美国化的受害者遍及全球,而加拿大则因与美国相邻,受到了尤为严重的冲击,其经验教训也更具代表性。加拿大之所以受到美国化的影响主要有两方面的原因:一是美国霸权主义思潮的泛滥;二是美国的强大所带来的文化压制和诱惑。第二次世界大战完全打破了原有的欧洲中心格局,导致了以美、苏为首的两极阵营的形成。美国以其超群的实力登上了西方盟主的宝座,它的精英们已经把自己的国家定位为全球领袖,雄心勃勃地筹划着通过输出“美国方式”来造就“美国世纪”。(注:[美]奥利维尔·如恩斯著,闫循华等译:《为什么20世纪是美国世纪》.北京:新华出版社,2002年版,前言第7页。)
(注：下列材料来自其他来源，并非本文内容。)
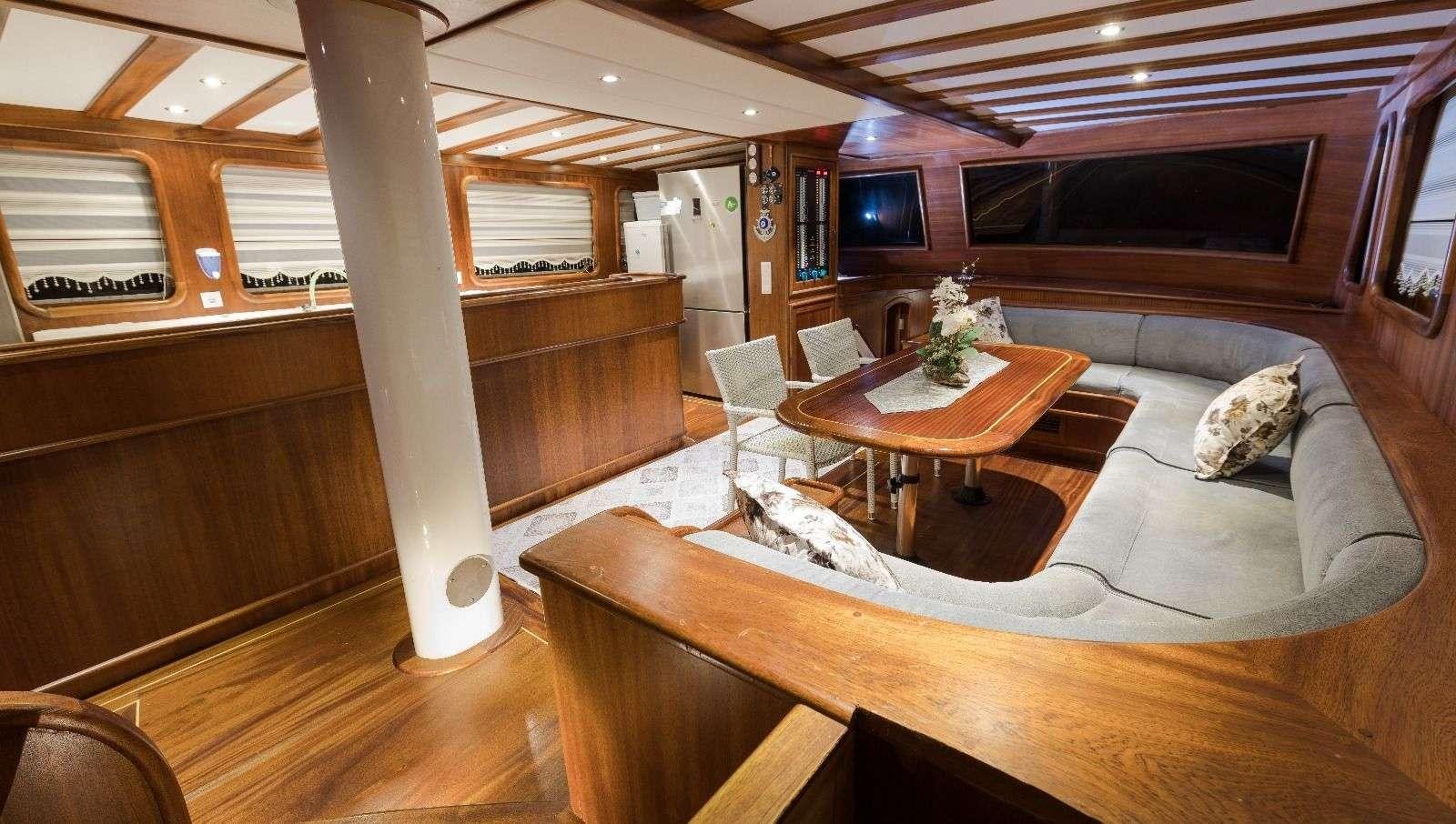 a living room with a couch and a table aboard KORAY EGE Yacht for Charter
美国的强大不仅对加拿大造成了文化压制,而且也形成了文化诱惑。文化上的压制主要出于政治与经济两方面的因素。在政治方面,加拿大属于中等国家,而美国则是一个超级大国。虽然它们之间存在着深层次的相互依赖,加拿大在某些领域也具有较高的独立性,但总体上看,它显然受制于美国。(注:有关这一观点,详见[加拿大]罗伯特·鲍斯韦尔著,张敬国译:《从美加关系看加拿大是否具有重要性》,载[加拿大]约翰·英格里斯等主编,李节传等译:《当代加拿大外交:对世界格局影响大吗》,北京:中国社会科学出版社,2002年版,第10~16页。)在经济方面,美国的文化市场是加拿大的10倍,两者竞争时根本不在同一起跑线上——美国人可以通过规模效应来降低成本,轻易地挫败对手。
鉴于美国在政治、经济上的强盛,其文化的吸引力也随之俱增。加拿大人喜爱阅读美国的杂志,乐于收听美国的广播节目,往往在不知不觉中养成不折不扣的美国式的文化品味。20世纪90年代末,加拿大政府的一位高官曾警示,加拿大文化正被更为迅速地整合到美利坚文化之中,其民族有在美国化中丧失自我的危险。(注:王晓德:《美国文化与外交》,北京:世界知识出版社,2000年版,第223页。)
美国化昭示了强势文化对弱势文化的冲击,其惟我独尊的霸权话语对民族文化构成了不容忽视的威胁。民族国家若想有效地抵御美国化的侵蚀、维护民族认同则必须在坚持文化保护权利的同时,努力增强国力,不断在国际事务中提高自己的声音,谨防在与美国的交往和竞争中被它所淹没。
四 全球化中民族认同的重塑
英国人约翰·汤林森10多年前曾指出,20世纪晚期,人类已经进入了由现代性催生的崭新的全球化时代。全球化进程必将削弱所有民族国家的向心力,即便是帝国主义时代的权势中心国家亦不能幸免于此。(注:参见[英]约翰·汤林森著,冯建三译:《文化帝国主义》,上海:上海人民出版社,1999年版,第328~331页。)全球化中的世界不断地整合和分化,而如何在这两股力量之间找到平衡点则是世界各国维护其民族认同的关键所在。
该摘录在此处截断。